Прежде чем децентрализовать общество, власть децентрализовалась сама. Это произошло не по заранее написанному плану и не является коварным замыслом врага. Это — следствие прошлогоднего землетрясения, когда всех хорошенько взболтало. Со временем часть взболтанного неизбежно опустится обратно на дно, а часть может в результате реакции (химической) перейти в новое качество.
Объединить все это правящее сообщество единой идеей можно, но концепция пока не выработана. Разные сегменты власти находятся в процессе определения: кто из них мудрый руководитель, а кто — наемный менеджер; хотят они добиться от населения любви сегодня и сейчас или уважения завтра и послезавтра.
Общество резисторов
Нелегко сделать выбор. Она, власть (в отличие от предыдущей), вынуждена ориентироваться на людей, которые, как уже говорилось, собираются в группы по отношению к войне и Донбассу, но не могут пока выработать совместный запрос на мечту. Мечту конкретную, выписанную в деталях, а не абстрактную «Европу» — не то Северную, не то Южную.
Подавляющее большинство занято выживанием и преодолением страха перед завтрашним днем, стараясь черпать жизненные силы в надежде. И речь не только о переселенцах, хотя этим труднее всего.
Есть люди, которые воюют за Родину, — на фронте или в тылу. Многие из них вообще впервые обнаружили существование Родины как таковой и за это, конечно, спасибо Путину В.В и Суркову В.Ю. Жаль только, что платой за обнаружение Родины являются кровь, пот и слезы.
Некоторые, делая вид, что воюют, стараются кого-нибудь ограбить.

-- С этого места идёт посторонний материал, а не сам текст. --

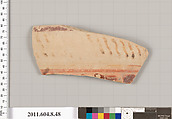 Terracotta fragment of a skyphos (deep drinking cup), Terracotta, Greek, Corinthian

Есть те, кто находит себя в волонтерстве и делает маленькие хорошие, никем не оплачиваемые дела. Отчасти потому, что оплачивать хорошие дела некому, а делать что-то надо.

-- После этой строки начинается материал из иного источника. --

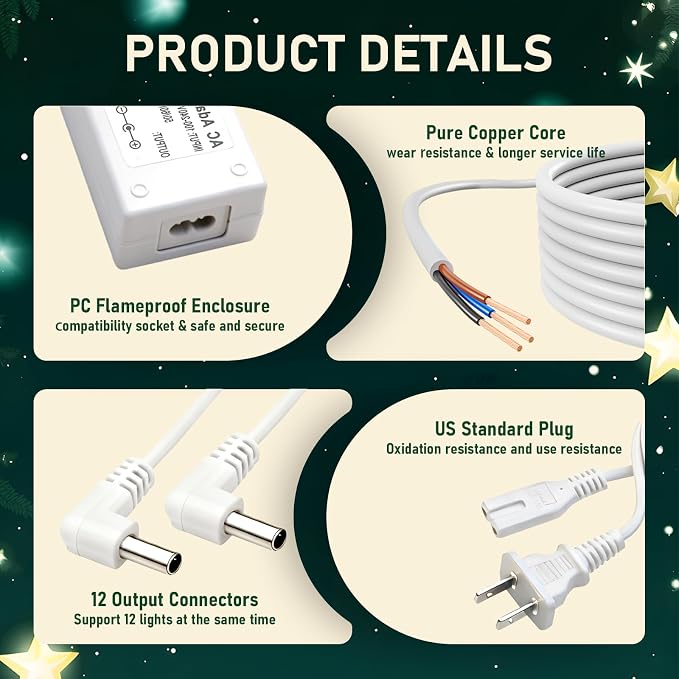 4.5V Power Adapter for Lemax Lighted Accessory 94566 94563 94564 94565 74295 74269 74707 84428 44242 Christmas Halloween Village Lights Micro Lighting Building Decor(12 Output White)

Есть те, кто во внутренней или внешней эмиграции. Они устали ждать, и их тоже очень много.
И есть миллионы других, у каждого из которых своя история.
Это все — мы. И если вам кто-то снова расскажет, что на самом деле хочет народ в целом, смело плюйте ему в глаза.

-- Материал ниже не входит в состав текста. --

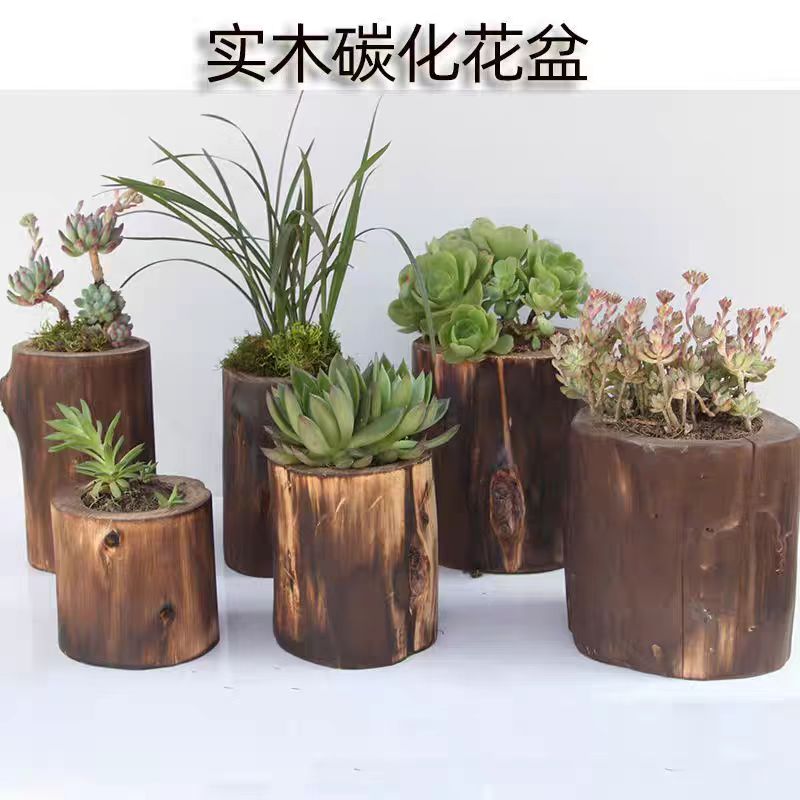 仟岱原木碳化花盆多肉植物简约实木碳化花盆摆件阳台庭院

При этом отсутствие внятного общественного запроса и легкий бардак во власти не должны радовать кремлевских инженеров. Наоборот! Им вообще не понять, почему «общество винтиков», которое они там у себя соорудили, является гораздо более отсталым и уязвимым, чем украинское «общество резисторов». Настолько, насколько паровая машина уступает электродвигателю.
В обществе «резисторов» не бывает массового психоза — это правда, каждый его элемент — маленькое сопротивление, но в нем не бывает и неизбежного постпсихозного дикого бодуна. В нем никто не может разочароваться в «мудром руководителе», потому что никто им и не очаровывался. И упаси его Бог от очередного очарования…
Каждый его элемент борется, в конечном счете, за себя, свою жизнь, свою среду обитания и будущее своих детей. Но, в то же время, сам по себе он не только не может угрожать системе распадом, но по природе своей может существовать, только будучи ее частью.
Машина может развалиться на детали. У человека можно удалить селезенку. Страна может распасться на регионы. Но на атомы любой предмет распадается только в результате ядерного взрыва.
Система, состоящая из 40 миллионов частей, более устойчива, чем состоящая из трех или двадцати шести.
Самое парадоксальное, что в Донецке и Луганске многие тоже воюют за свой образ жизни, который, по сути, ничем от днепропетровского или винницкого не отличается.
Чем быстрее они там поймут, что украинский жизненный уклад для них более родной, чем бурятский или чеченский, а советский можно восстановить только в музее — тем быстрее принесенная на нашу землю война потеряет последние внутренние корни. Да, для этого надо, конечно, выключить телевизор и вернуться из 1943-го в 2015-й.
А общественный договор со временем образуется. Хотелось бы, конечно, чтобы это был не контракт о разделе сфер влияния, а трудовое соглашение. Но это уже о другом обществе — «микропроцессоров».